Is it up to $4.25? Ouch! You near Detriot? I live in near Kzoo. I’ve had the last few days off do to the monsoon we’ve been getting flooding the building at work. So been staying home to save gas.
One of my friends who works in a gas station says people have been filling up cause the expect the gulf hurricane to cause a price surge. What’s causing the surge is everyone filling up. Idiots. Self fulfilling prophecy.
I told her to smack em around, but she declined cause she wants to keep her job. Se la vi
I’m looking forward to a nice price drop when demand falls on account of everyone being full up, but bet it won’t happen.
The fucking market failed us. Wasn’t it “the market” that flooded us with gas guzzling SUVs when gas was cheap? A little regulation here would have been wonderful. But fucking oil and auto lobbyists couldn’t have that. Traitorist bastards. The GM Volt is a decade fucking late atleast.
No it didn’t.
Yes, it was. A market economy doesn’t care about your particular opinion on conservation or politics, a market reacts to what people want to buy. How many people did you see driving small cars? There was ample opportunity for everybody to get into one, they opted for SUVs and now they’re paying the price for it. That’s how it is supposed to work. Where’s the failure?
Blah blah blah. A decade ago GM would have died trying to sell the Volt. They couldn’t even sell the EV1, that ridiculous movie notwithstanding. Oh, and as for regulation, now that CAFE standards have essentially doubled, gas will cost 50% less for the same distance. That’s a wonderful deterrent to driving, wouldn’t you say? So much for regulation.
The market didn’t fail us. It gave us exactly what we deserved. I have no sympathy for the people desperately trying to unload their Excursions, Suburbans and Town Cars; they’ve been making my gas more expensive for years. Fuck 'em.
ETA: And what AD said about the Volt is absolutely true. The EV-1 flopped and the Honda Insight flopped because Americans didn’t want them. Why would they? When the Insight was launched, gas was still under $1.50 a gallon.
The only reason the Prius has done (relatively) well is that lots of marketing muscle got behind it and the Feds finally starting providing tax breaks.
You know I’m finding upon proof reading that I don’t have nearly the rage I had last summer.
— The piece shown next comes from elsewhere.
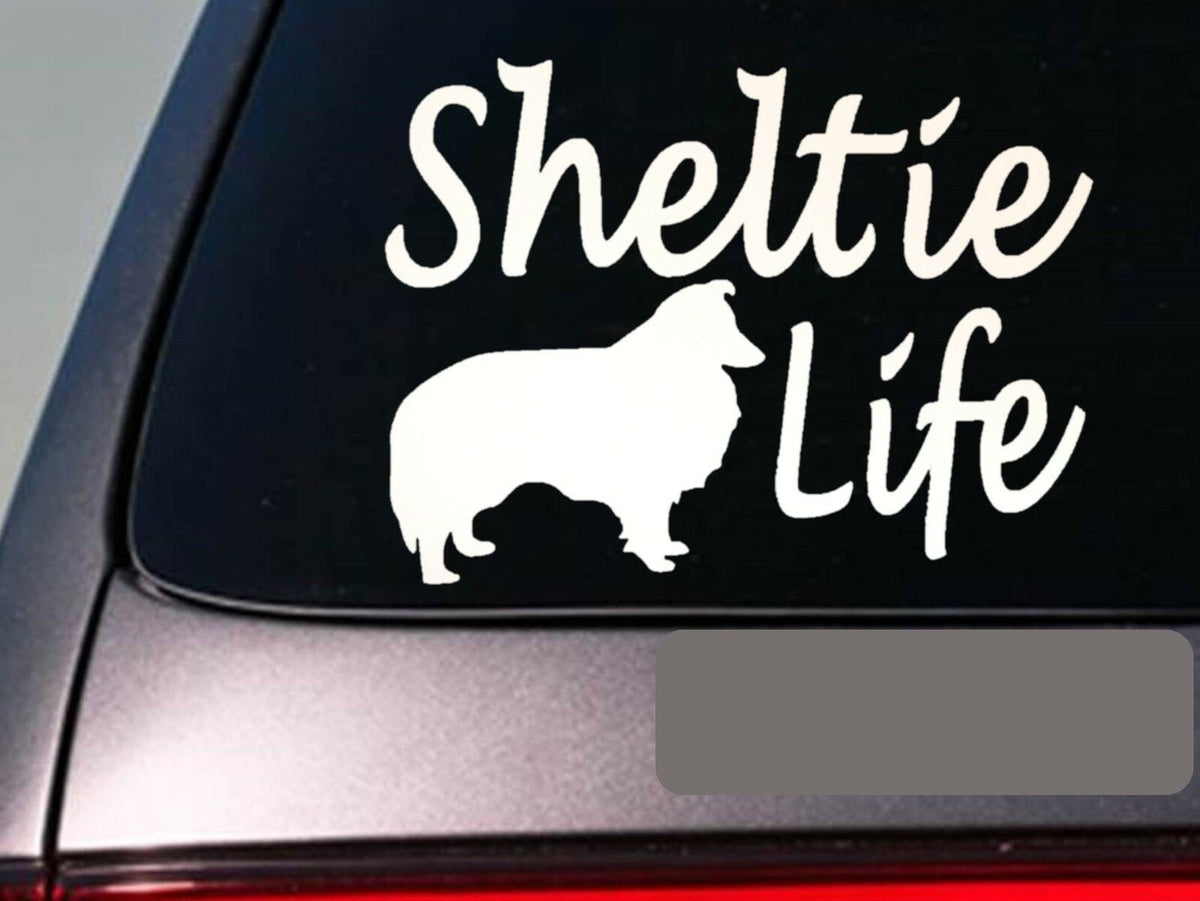 Sheltie Life Vinyl Decal – 6 Inch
Life was alot harder then and gas prices where square in the middle of alot of problems. It kind of messes with your head when no matter how hard you struggle you’re stuck, and lucky to be eating romen noodles at $.20 cents a packet meanwhile gas is $4 a gallon.
So the following is a reedit of a response that’s toned down.
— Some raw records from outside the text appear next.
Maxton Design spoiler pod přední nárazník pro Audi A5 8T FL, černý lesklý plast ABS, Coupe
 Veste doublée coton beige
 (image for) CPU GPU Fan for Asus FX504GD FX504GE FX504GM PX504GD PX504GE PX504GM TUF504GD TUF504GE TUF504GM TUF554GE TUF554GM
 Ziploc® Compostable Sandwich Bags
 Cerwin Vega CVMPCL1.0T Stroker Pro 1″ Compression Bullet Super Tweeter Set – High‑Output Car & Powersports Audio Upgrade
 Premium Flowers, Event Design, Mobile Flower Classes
I don’t personally believe the market is inherently evil, nor completely at fault. I do believe it was given too much trust, and mismanaged.
Yea the market did. So did the government for letting it. So did the public for letting both the market and the government.
Large passenger autos should have been taxed accordingly to their real world consequences. You can’t tell me all those SUVs and other gas hogs didn’t cause this. They should have been taxed to pay for their real world consequences, including pollution, and the risk the extra foreign dependence causes. The backlash of which we’re feeling now. We’re getting off easy it could have been alot worse.
Plus it seems pretty bad to knowingly put the US at the mercy of a potentially hostile region. As a combination of market forces, the government, and lobbyists did. We’ve already been embargoed us once. Being dependent on that is pretty badly planned. As the crashing market is showing. Although interestingly it wasn’t the middle east but our own inability to build refineries that got us.
I believe free market economics does have alot of practicality. I just think trusting anything on faith is stupid. Especially letting an every man for himself system manage a currently crucial but limited resource with extreme environmental impacts.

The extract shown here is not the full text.